Task details: Among the lines below, take the one holding "Monterrey reducirá hasta", the one holding "Antego Cantilever Umbrella", and all lines between them. Set them down exactly.

-- Data in this exercise follows --

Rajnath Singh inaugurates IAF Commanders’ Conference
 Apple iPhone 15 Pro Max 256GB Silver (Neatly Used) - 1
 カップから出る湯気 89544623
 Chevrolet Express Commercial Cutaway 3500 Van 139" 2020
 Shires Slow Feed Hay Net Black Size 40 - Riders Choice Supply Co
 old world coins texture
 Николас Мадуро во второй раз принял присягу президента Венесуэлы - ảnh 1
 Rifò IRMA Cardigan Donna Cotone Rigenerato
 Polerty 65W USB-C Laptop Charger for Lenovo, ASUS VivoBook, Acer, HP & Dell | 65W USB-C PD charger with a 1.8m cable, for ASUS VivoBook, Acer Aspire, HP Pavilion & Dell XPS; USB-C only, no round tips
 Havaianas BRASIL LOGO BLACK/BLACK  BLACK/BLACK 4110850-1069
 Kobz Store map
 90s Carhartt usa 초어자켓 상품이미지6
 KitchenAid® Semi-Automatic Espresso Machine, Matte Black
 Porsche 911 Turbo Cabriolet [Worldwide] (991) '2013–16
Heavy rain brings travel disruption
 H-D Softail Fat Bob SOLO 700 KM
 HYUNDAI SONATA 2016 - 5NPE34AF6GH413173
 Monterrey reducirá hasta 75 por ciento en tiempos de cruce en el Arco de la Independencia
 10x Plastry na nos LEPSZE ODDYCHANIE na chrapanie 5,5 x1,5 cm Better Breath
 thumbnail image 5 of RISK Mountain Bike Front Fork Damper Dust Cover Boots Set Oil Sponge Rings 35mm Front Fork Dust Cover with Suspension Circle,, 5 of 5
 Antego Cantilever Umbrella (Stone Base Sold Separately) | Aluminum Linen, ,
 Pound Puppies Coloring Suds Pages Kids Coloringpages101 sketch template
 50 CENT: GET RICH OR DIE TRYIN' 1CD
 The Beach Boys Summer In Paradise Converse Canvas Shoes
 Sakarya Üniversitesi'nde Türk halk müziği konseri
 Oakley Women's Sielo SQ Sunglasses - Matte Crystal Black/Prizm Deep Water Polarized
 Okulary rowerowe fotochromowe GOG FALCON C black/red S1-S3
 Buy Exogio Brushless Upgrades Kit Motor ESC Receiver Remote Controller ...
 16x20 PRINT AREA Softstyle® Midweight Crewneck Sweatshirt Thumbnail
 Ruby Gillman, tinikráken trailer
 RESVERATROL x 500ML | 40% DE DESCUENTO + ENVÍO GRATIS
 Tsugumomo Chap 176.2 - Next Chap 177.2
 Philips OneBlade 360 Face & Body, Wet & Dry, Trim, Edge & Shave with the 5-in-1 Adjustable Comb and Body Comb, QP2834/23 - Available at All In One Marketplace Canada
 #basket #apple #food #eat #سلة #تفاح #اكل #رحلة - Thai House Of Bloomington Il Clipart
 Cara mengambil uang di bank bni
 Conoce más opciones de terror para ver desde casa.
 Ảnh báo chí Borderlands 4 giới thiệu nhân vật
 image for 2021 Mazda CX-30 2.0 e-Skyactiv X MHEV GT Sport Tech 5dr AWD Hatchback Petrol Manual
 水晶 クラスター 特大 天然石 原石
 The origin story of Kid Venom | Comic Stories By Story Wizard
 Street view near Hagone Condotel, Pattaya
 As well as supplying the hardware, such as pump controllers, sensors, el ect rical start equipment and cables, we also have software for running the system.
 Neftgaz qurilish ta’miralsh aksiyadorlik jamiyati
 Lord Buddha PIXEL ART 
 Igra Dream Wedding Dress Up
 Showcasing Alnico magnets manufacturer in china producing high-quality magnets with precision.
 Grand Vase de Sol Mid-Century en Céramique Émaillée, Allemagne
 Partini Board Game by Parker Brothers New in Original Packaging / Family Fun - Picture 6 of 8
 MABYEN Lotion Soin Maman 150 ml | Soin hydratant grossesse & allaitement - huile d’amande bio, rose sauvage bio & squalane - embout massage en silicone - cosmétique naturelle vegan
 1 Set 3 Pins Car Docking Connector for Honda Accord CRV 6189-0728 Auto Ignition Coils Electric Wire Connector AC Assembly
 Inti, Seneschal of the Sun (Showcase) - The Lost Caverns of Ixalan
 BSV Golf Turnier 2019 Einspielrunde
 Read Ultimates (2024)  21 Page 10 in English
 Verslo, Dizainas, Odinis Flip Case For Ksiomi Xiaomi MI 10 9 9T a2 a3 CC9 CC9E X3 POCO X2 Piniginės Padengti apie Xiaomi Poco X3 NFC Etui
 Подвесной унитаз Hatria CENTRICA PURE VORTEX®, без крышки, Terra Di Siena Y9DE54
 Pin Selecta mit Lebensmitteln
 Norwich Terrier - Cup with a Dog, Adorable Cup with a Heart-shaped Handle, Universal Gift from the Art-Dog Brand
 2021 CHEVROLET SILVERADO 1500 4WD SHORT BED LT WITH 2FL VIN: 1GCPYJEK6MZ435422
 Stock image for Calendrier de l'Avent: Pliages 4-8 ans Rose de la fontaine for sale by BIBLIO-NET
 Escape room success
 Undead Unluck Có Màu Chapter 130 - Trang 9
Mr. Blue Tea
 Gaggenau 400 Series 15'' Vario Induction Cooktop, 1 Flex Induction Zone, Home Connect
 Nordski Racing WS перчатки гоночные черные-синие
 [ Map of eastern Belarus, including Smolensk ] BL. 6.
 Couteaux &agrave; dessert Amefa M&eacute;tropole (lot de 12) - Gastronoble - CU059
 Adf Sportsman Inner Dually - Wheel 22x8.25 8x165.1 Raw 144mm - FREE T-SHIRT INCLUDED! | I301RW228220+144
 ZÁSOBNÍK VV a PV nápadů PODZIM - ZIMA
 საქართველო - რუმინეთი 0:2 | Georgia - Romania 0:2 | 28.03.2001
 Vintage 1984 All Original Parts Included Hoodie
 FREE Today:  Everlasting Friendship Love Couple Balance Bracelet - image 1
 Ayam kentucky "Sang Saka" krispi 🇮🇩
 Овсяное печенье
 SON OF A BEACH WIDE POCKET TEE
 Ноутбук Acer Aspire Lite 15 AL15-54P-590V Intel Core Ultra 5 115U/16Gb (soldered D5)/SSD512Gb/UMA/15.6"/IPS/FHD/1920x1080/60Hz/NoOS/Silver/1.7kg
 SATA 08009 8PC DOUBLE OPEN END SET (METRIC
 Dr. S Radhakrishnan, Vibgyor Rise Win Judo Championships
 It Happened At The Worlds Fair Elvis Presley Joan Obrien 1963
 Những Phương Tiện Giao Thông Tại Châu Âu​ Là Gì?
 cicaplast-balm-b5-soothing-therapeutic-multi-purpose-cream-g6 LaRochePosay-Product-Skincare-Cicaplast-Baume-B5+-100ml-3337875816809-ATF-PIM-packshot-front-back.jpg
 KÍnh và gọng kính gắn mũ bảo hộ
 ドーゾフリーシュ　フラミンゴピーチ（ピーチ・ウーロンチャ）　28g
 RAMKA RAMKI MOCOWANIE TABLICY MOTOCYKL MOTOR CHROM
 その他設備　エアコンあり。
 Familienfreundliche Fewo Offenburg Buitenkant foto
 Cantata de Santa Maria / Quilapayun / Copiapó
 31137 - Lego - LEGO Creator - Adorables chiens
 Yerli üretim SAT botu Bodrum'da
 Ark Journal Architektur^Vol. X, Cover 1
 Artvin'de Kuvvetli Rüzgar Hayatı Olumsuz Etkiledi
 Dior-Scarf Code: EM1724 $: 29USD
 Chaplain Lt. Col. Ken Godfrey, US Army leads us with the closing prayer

-- Data in this exercise concluded --

Task result:
 Monterrey reducirá hasta 75 por ciento en tiempos de cruce en el Arco de la Independencia
 10x Plastry na nos LEPSZE ODDYCHANIE na chrapanie 5,5 x1,5 cm Better Breath
 thumbnail image 5 of RISK Mountain Bike Front Fork Damper Dust Cover Boots Set Oil Sponge Rings 35mm Front Fork Dust Cover with Suspension Circle,, 5 of 5
 Antego Cantilever Umbrella (Stone Base Sold Separately) | Aluminum Linen, ,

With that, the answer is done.